A bill introduced by Anchorage Republican Sen. Cathy Giessel would give private businesses which expedite Department of Motor Vehicle services a pay raise of 15 percent from state revenues. If it passes, SB 127 would cost the state at least $1.2 million a year.
The companies say they need the extra money to process credit cards and to expand their businesses. Critics say that the state would be giving additional money to businesses for doing work that’s already profitable. The state DMV is neutral on the bill. Currently, there are eleven businesses that contract with the state for this service in Alaska, not all of whom appear to have valid Alaska business licenses.
Since 2000, the state has allowed private companies to provide titles, transfer of titles, and commercial services historically done through DMV. They set up offices away from DMVs and the lines are much shorter. The companies provide the paper work, but DMV still does the processing.
Such services provide convenience for consumers. In exchange, the companies have been allowed to charge whatever the market will bear for the convenience, above and beyond the standard DMV fees. They’re also allowed to charge for things, like handicap license plates, that the state doesn’t charge for.
In fiscal year 2013, they collected more than $11.4 million in fees from 193,697 transactions.
Fees charged to the consumers can vary dramatically depending on the business and the service.

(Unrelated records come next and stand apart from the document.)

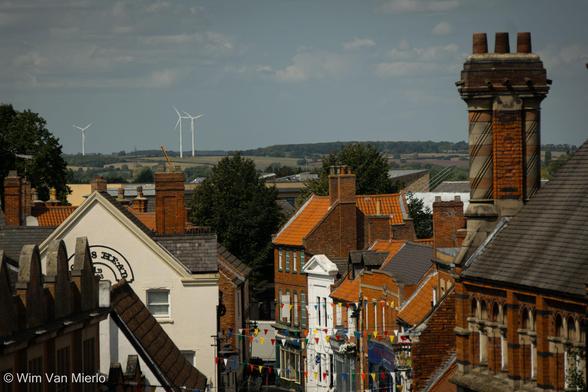 View across the rooftops of the town, showing red and white houses in different styles; a large building with a interesting double chimneystack; on the horizon are three windmills generating clean energy.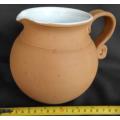 Beautiful classic shape terracotta jug with white glaze inside from Italy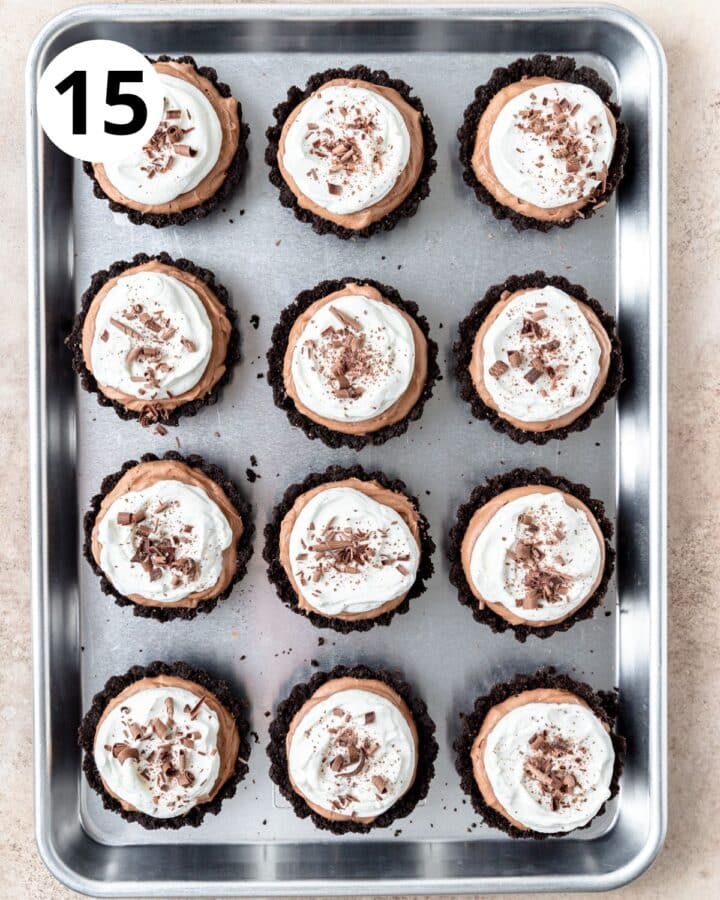 sprinkling chocolate shavings over top of chocolate mousse tarts.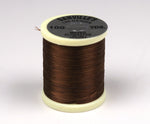 Close-up of 140 Denier Danville thread from Clouser's Fly Shop, showing dark brown thread on a spool for fly tying.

One of the largest of such businesses, Alaska Tags & Titles, processed 341,000 transactions from 2004 until 2013. According to legislative testimony, the company charges consumers $20 for a registration renewal, $2 for a transfer of title, and $30 for commercial fees.
This is a service fee above and beyond what the state charges.
If the bill is passed, in addition to those service fees, companies will get an additional $2 for a duplicate registration, $5 for a duplicate tag or plate, and $115 for a registration for transfer of title from the state, according to Melissa Cucullu, the general manager of Alaska Title and Transfer.
That money will come from the general fund.
Giessel said that it would encourage more private sector involvement and would save the state money, though she has not offered any documentation for the latter claim.
The bill passed out of State Affairs Committee and was referred to Finance.